> _EXERCISE DATA_

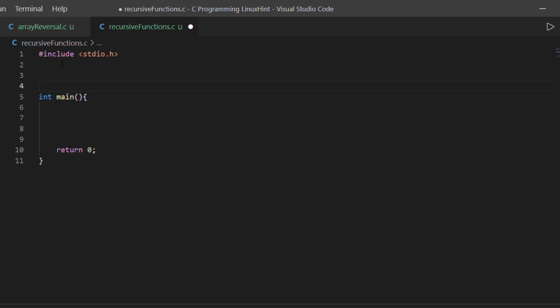So first of all we have an integer function, I'm going to call it factorial, and this function is going to take in an integer value which is going to be, let's say, n.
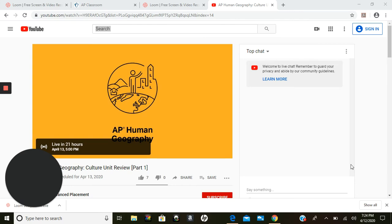All right, we're going to share a little bit more information we have about testing. The AP Human Geography Test is going to be May the 12th at 4 p.m. I already talked about that in previous videos. We do have a few more updates, though.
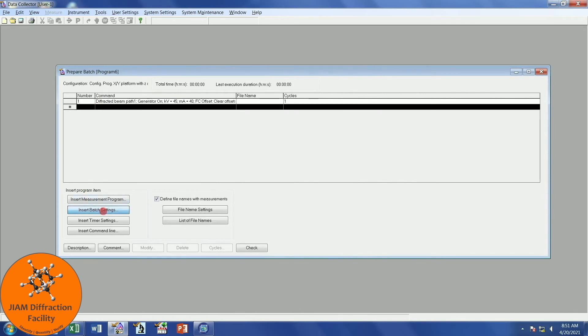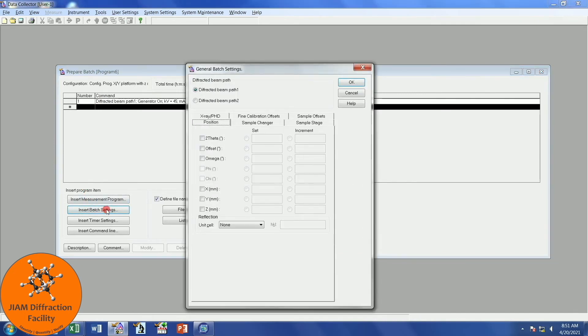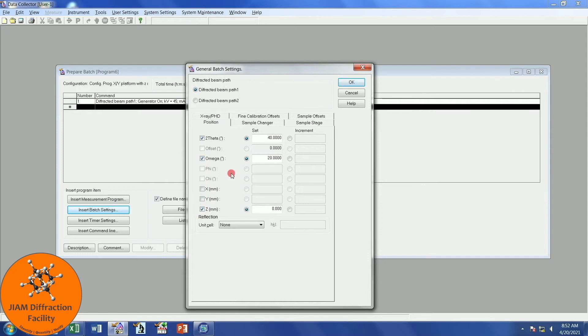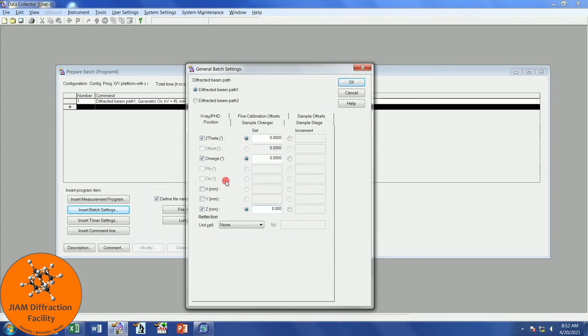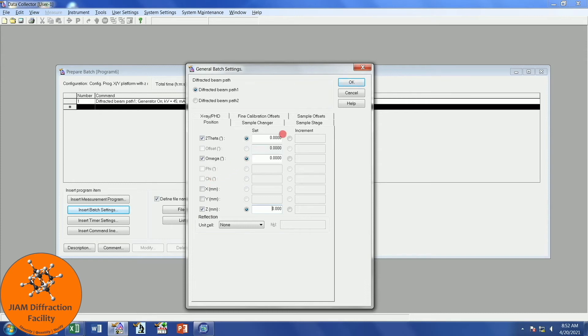We now want to insert another batch setting. This time, we want to be under the Position tab, and I will check 2 theta, omega, and z. This is for the XYZ stage. I will change this to 0 and this to 0. There are different types of stages and different situations where maybe you want to zero x and y or phi and chi. I will let you determine that. If you have any questions, please leave them in the comment section below, and let me know what sample stage you have so that we can discuss it and figure out what would work best for you. But I will click OK.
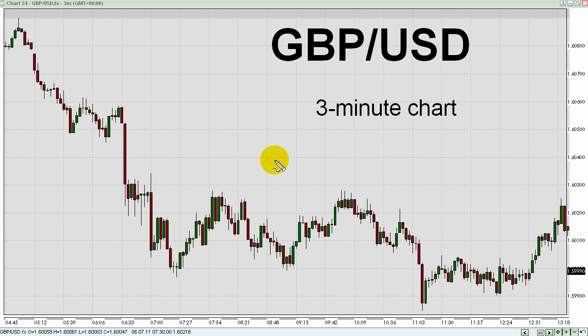What you now see is a three-minute chart without indicators for the British pound-US dollar currency pair, as that chart looked at 9:30 a.m. New York time on GFT's Dealbook 360 trading platform. I've got this chart zoomed out to show price action over the past roughly eight and a half hours.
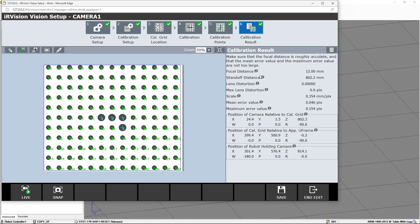We are going to go to the Calibration Result. Here you can see that the focal distance is 12 millimeters, the standoff distance is 801.2 millimeters, the distortion is zero, the maximum lens distortion is zero, and the scale is 0.354 millimeters per pixel. We have the mean error, the maximum error, and the position of the camera relative to the calibration grid, the position of the calibration grid relative to the application user frame, and the position of the robot holding the camera. We are going to save. One important thing: we are on the edit screen, so if we don't save the result, it is not going to be saved on the robot controller. So we press Save and then end the editing.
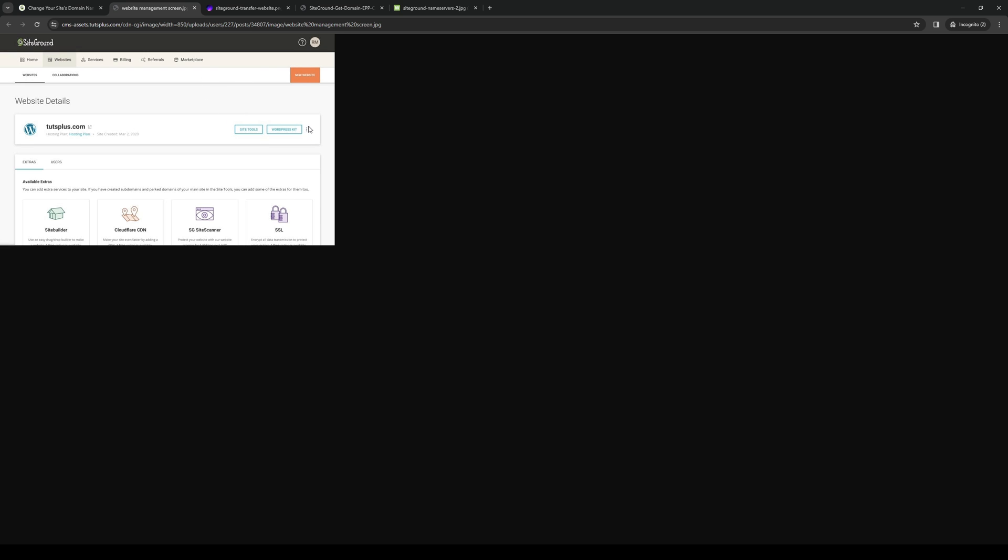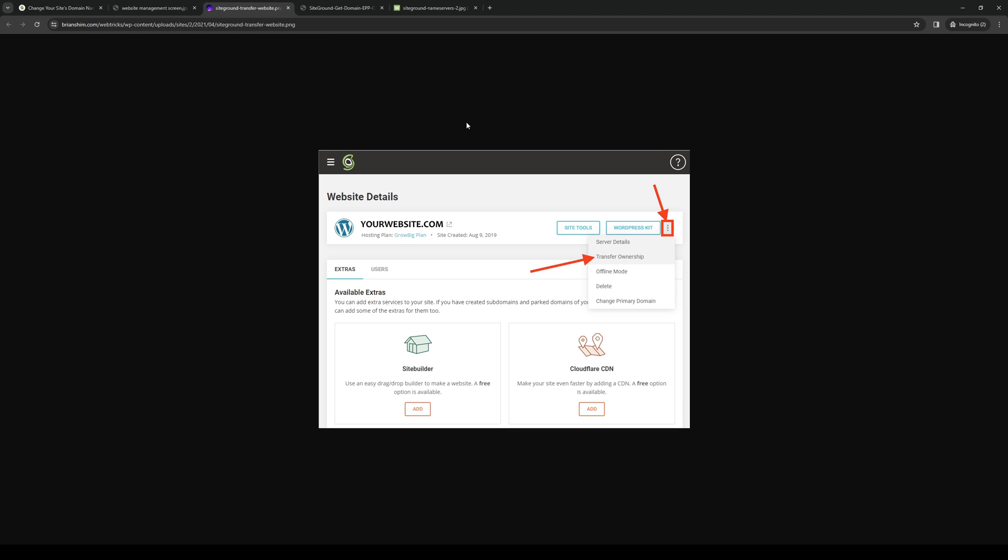If we go to edit the primary domain for this one, you would want to click on the three dots or the ellipses next to the corresponding domain or website. If you click on the ellipses, you'll be met with a couple of different options like server details, transferring ownership, and changing to primary domain.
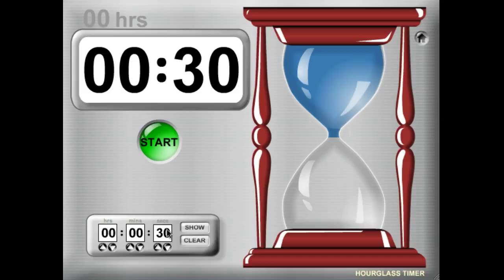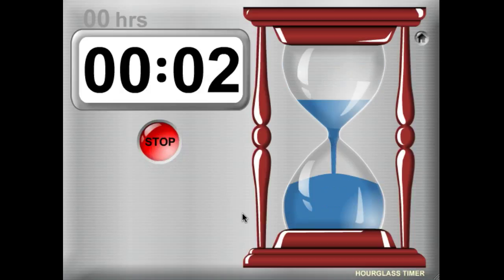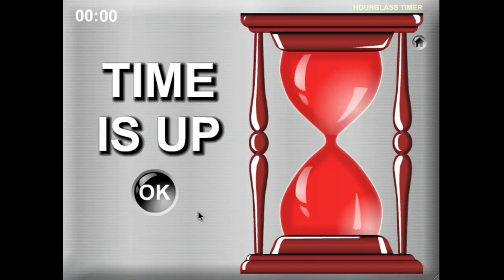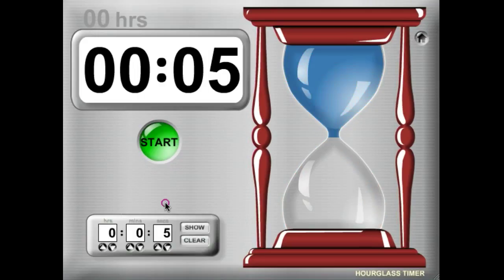So we'll give you a quick little demo here. Why don't we do five seconds and go ahead and start. And when time is up, you get a nice little alarm screen.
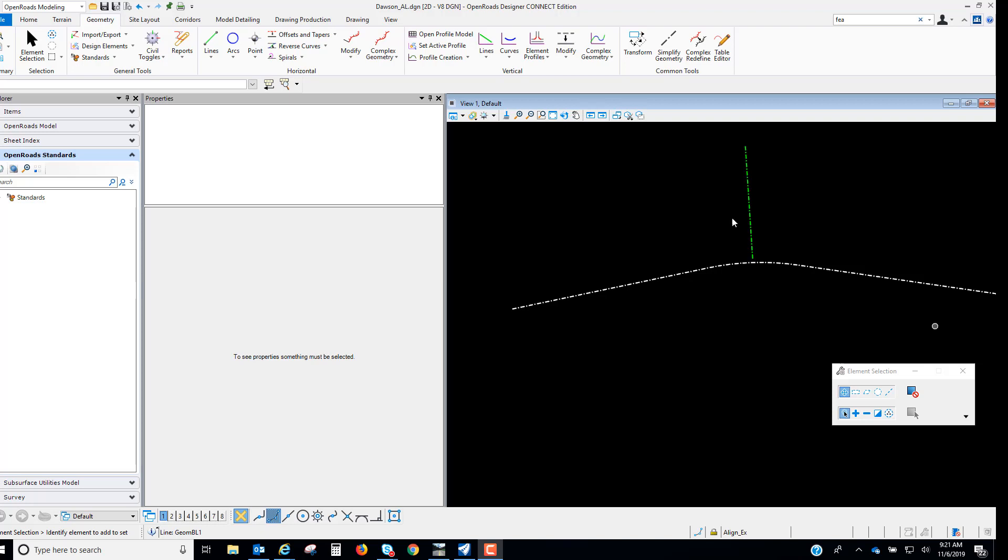In Open Earth Designer Connect Edition we have the ability to utilize the Civil AccuDraw to place precise elements based on rules created from other elements in the design file.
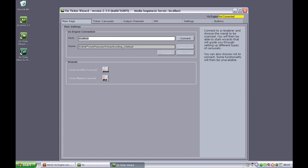From the upper right corner, you can see the status of the connection. It's currently not connected. But by clicking the Connect button here, we will connect the Ticker system to the specified Vis Engine.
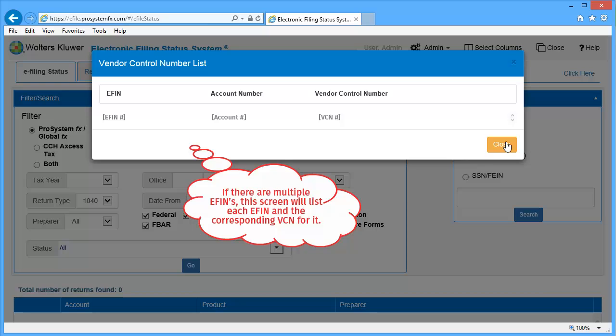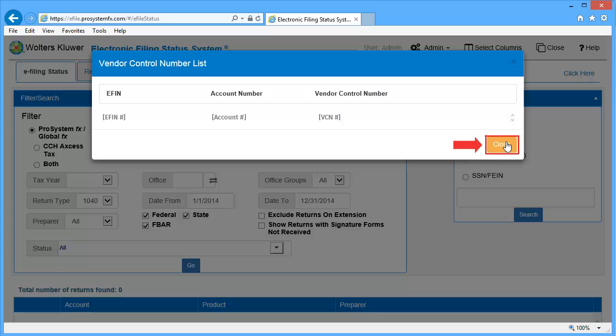Make sure to keep the appropriate VCN with the applicable EFIN. Once done, click Close.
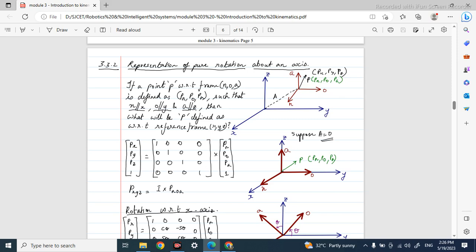As you can see, here we have two frames. This XYZ frame is known as the reference frame and this NOA frame is known as the subframe. We have a point P with respect to the NOA frame, and this point P will have three components: PN, PO, and PA with respect to the NOA frame, and PX, PY, and PZ with respect to the XYZ frame.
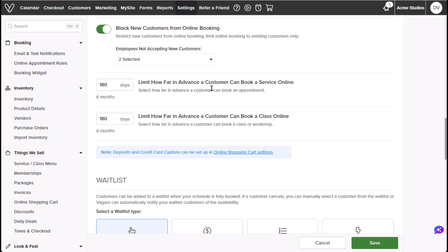We can also limit how far in advance a customer can book a service or class online. This means that we can adjust the number of days in advance customers can book a service or class. The limit can range from one day to three years.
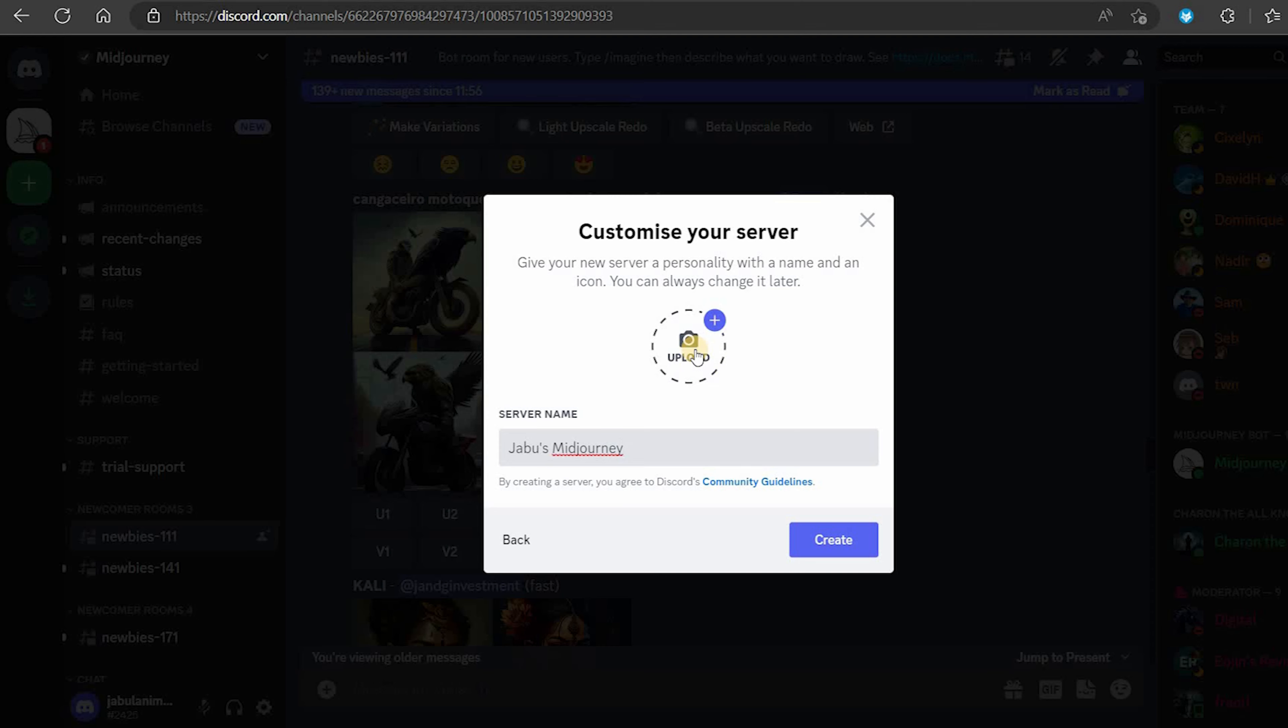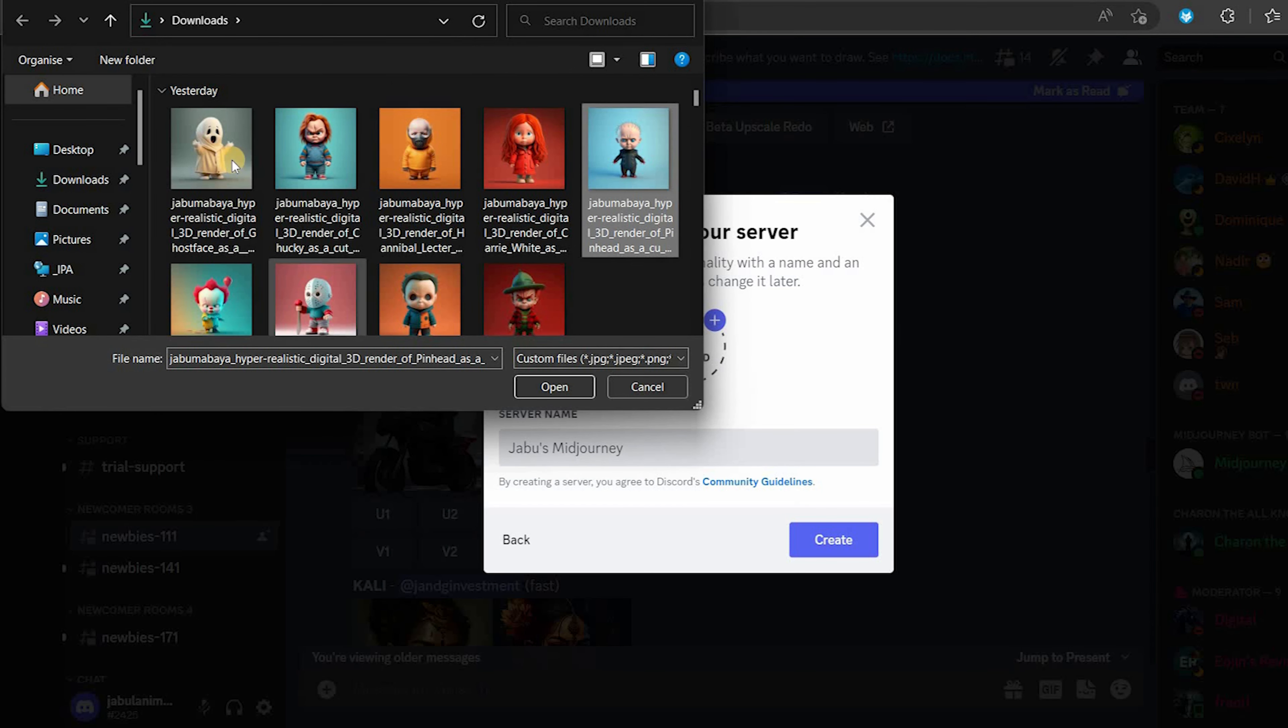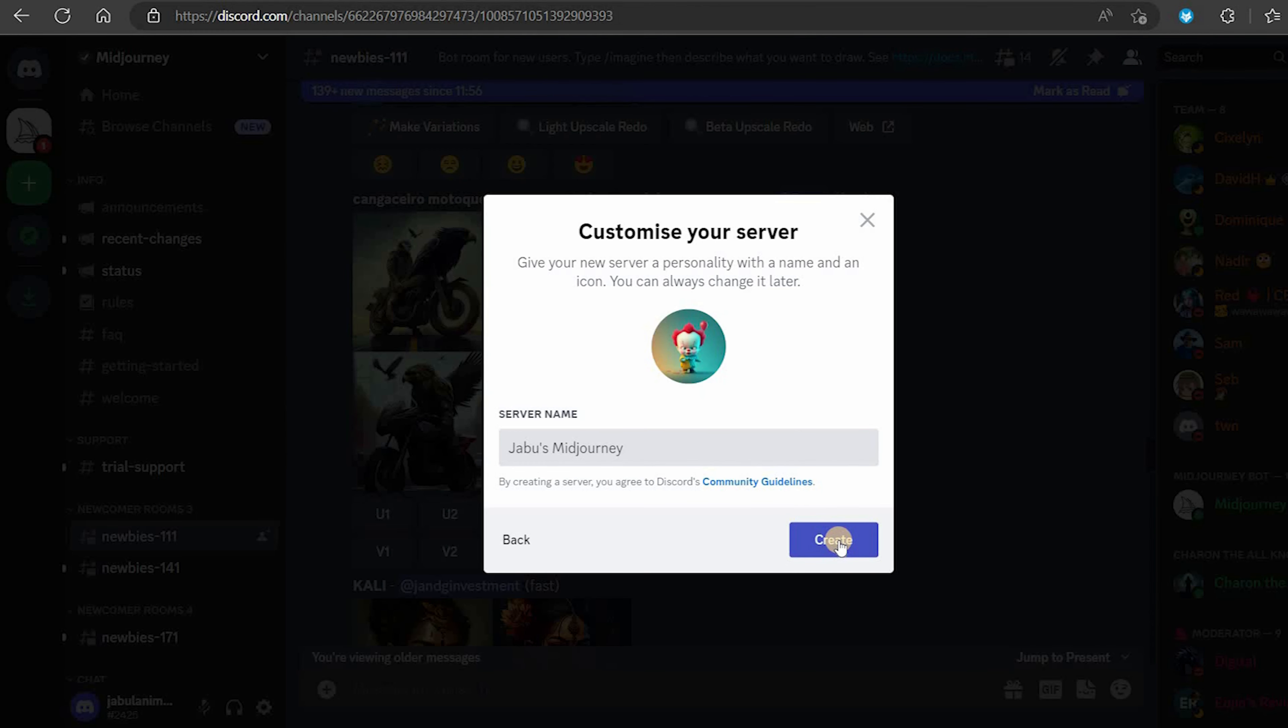Next you can name your server anything you want. I will name this one Jabuz Midjourney.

> _EXERCISE DIRECTIONS_
The entire listing above, minus its pictures, should be copied out exactly.

> _SOLVED PROBLEM_
So first of all we have an integer function, I'm going to call it factorial, and this function is going to take in an integer value which is going to be, let's say, n.
All right, we're going to share a little bit more information we have about testing. The AP Human Geography Test is going to be May the 12th at 4 p.m. I already talked about that in previous videos. We do have a few more updates, though.
We now want to insert another batch setting. This time, we want to be under the Position tab, and I will check 2 theta, omega, and z. This is for the XYZ stage. I will change this to 0 and this to 0. There are different types of stages and different situations where maybe you want to zero x and y or phi and chi. I will let you determine that. If you have any questions, please leave them in the comment section below, and let me know what sample stage you have so that we can discuss it and figure out what would work best for you. But I will click OK.
What you now see is a three-minute chart without indicators for the British pound-US dollar currency pair, as that chart looked at 9:30 a.m. New York time on GFT's Dealbook 360 trading platform. I've got this chart zoomed out to show price action over the past roughly eight and a half hours.
We are going to go to the Calibration Result. Here you can see that the focal distance is 12 millimeters, the standoff distance is 801.2 millimeters, the distortion is zero, the maximum lens distortion is zero, and the scale is 0.354 millimeters per pixel. We have the mean error, the maximum error, and the position of the camera relative to the calibration grid, the position of the calibration grid relative to the application user frame, and the position of the robot holding the camera. We are going to save. One important thing: we are on the edit screen, so if we don't save the result, it is not going to be saved on the robot controller. So we press Save and then end the editing.
If we go to edit the primary domain for this one, you would want to click on the three dots or the ellipses next to the corresponding domain or website. If you click on the ellipses, you'll be met with a couple of different options like server details, transferring ownership, and changing to primary domain.
So we'll give you a quick little demo here. Why don't we do five seconds and go ahead and start. And when time is up, you get a nice little alarm screen.
In Open Earth Designer Connect Edition we have the ability to utilize the Civil AccuDraw to place precise elements based on rules created from other elements in the design file.
From the upper right corner, you can see the status of the connection. It's currently not connected. But by clicking the Connect button here, we will connect the Ticker system to the specified Vis Engine.
Make sure to keep the appropriate VCN with the applicable EFIN. Once done, click Close.
As you can see, here we have two frames. This XYZ frame is known as the reference frame and this NOA frame is known as the subframe. We have a point P with respect to the NOA frame, and this point P will have three components: PN, PO, and PA with respect to the NOA frame, and PX, PY, and PZ with respect to the XYZ frame.
We can also limit how far in advance a customer can book a service or class online. This means that we can adjust the number of days in advance customers can book a service or class. The limit can range from one day to three years.
Next you can name your server anything you want. I will name this one Jabuz Midjourney.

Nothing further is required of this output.